If you are in the U.K., you may be forgiven for thinking this post is a moan about the incessant rain. However, as it appears to be doing my garden some good – ah, the sandy loam is coming into its own – I am singing the praises of this:
I took the bedraggled tomato plant out of the pot which had served it well for the past half year and added the green tomatoes to a chutney I am making in the slow cooker. What is left is rampant parsley and I love parsley.
I recently saw it listed as an alternative to coriander leaf, which is particular music to my ears. I don’t like coriander leaf at all but now I have a potful of what I really do. So, parsley has been liberally sprinkling over our ‘Indian’ food all weekend.
The rhubarb in the background of the above photo is on the wane, although I managed one last stalk the other day when I accidentally knocked if off the crown.

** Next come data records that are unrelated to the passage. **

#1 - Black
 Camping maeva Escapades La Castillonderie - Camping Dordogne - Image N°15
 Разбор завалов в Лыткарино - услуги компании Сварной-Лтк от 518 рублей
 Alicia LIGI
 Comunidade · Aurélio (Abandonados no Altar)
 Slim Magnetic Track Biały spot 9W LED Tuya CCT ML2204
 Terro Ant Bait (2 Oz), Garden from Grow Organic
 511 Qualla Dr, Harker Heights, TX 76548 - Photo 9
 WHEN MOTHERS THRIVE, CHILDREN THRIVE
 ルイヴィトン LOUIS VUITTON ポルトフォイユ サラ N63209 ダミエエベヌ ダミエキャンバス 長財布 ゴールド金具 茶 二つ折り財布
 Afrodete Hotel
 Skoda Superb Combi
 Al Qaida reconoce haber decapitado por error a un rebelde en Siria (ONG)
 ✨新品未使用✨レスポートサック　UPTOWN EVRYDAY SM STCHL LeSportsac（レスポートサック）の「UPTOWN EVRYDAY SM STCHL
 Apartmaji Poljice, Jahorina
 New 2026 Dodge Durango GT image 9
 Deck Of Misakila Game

Since it couldn’t feed the root it might as well feed me.
Beyond the camera, the chard and nasturtiums in the raised bed are responding to the continued moist environment with gusto. And the caterpillars are no doubt as happy about that as I am about the parsley.
Yesterday, we went to see what was on offer at Leeds Light Night, where the city centre is lit up in more or less interesting ways. With a tired and cantankerous child in tow, we ended up in the University of Leeds School of Music drinking coffee and eating ice cream and would have got no further if I hadn’t insisted.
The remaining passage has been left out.